— Где их носит? — спросила я Гамаюн. — Когда они уже явятся, и всех спасут? Надоело здесь сидеть, и есть хочется…
Вредная птица только встопорщила с мягким шорохом железные перышки.
— А ты почему скрипишь? Заржавела, что ли? — я дружески толкнула Гамаюн локотком, но ворона только буркнула:
— Заржавеешь тут, сутки без продыху над океаном летать.
До меня наконец дошло, почему она валялась на печи без задних лапок.
Придвинувшись поближе, я тихо спросила:
— Так ты всё это время Ваньку искала? — птица потупилась. — Ты же сама сказала, что не видишь его среди живых…
— Я много чего говорю.
Обняв вредную птицу, я погладила её по хохолку.
— Ты молодец. Спасибо тебе. Не терять надежды — это самое главное. Я вот тоже не верила, что он умер.
— А кто взахлеб в подушку рыдал? — ядовито осведомилась ворона, глядя на меня снизу вверх. — А кого кот валерьянкой с корвалолом пичкал?
Отпихнув птицу, я искоса посмотрела на викингов. Вроде, никто не слышал…
— Сказала — верила, значит, верила. А плакать девушка и по другому поводу может.
— И по какому же?
— Живот болел.
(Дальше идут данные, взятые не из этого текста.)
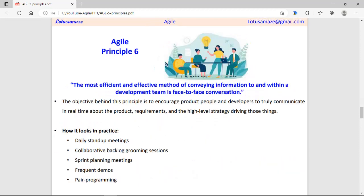Sixth principle: face-to-face conversation between the development team and the product team. Agile principle focuses on having proper meetings between the development team and the product team. The development team can share a demo in front of the product team so the product team can give feedback about the product.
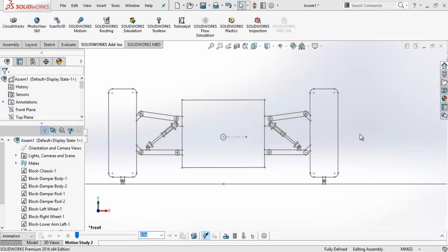In this lecture I will use this model to explain some advanced motion analysis tools. This is a rear view of a racing car with a double wishbone suspension system.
От зеленых яблок.
Пока мы препирались, дело купцов, всесторонне рассмотренное неподкупными присяжными, близилось к завершению. Каждому присудили штраф в форме добровольного пожертвования и конфискацию имущества в придачу. А кроме прочего, в качестве воспитательного элемента, вломить по двадцать плетей.
Палач споро распластал мужиков на дыбе, заголил и, под шутки и прибаутки веселящегося на трибунах рабочего класса, отстегал хворостиной по мягким местам. Работал дядька не за страх, а за совесть, аж вспотел весь — на красной рубахе и колпаке, закрывающем всю голову, проступили темные пятна…
Следующим слушалось дело о разбое и вандализме, учиненном в городе и остроге. То есть, наше. Я оживилась: охота посмотреть, как у лавочников, разжиревших на халявном золоте, получится отстегать хворостиной викингов…
К «позорному столбу», то есть к виселице, вызвали Сигурда — он представлял всех обвиняемых, скопом. Пока Сварог, прохаживаясь по эшафоту, зачитывал обвинение, присяжные важно кивали каждому его слову. Наверное, подсчитывали, сколько добровольных пожертвований можно содрать с исландской команды…
Список, громогласно зачитываемый Сварогом, никак не кончался. Походу, орда пьяных варваров успела изрядно накуролесить. К примеру, у купца Первача они «экспроприировали на народные нужды» десять ящиков шампанского. Часть тут же выпили, а остальное раздали страждущим и поколотили о стены и сопредельные витрины. — А гарно это сладко шипуче бабско пойло оказалось! Дюже веселяще… — закивали дружно викинги. Народ на трибунах заржал, Сварог ударил молотком.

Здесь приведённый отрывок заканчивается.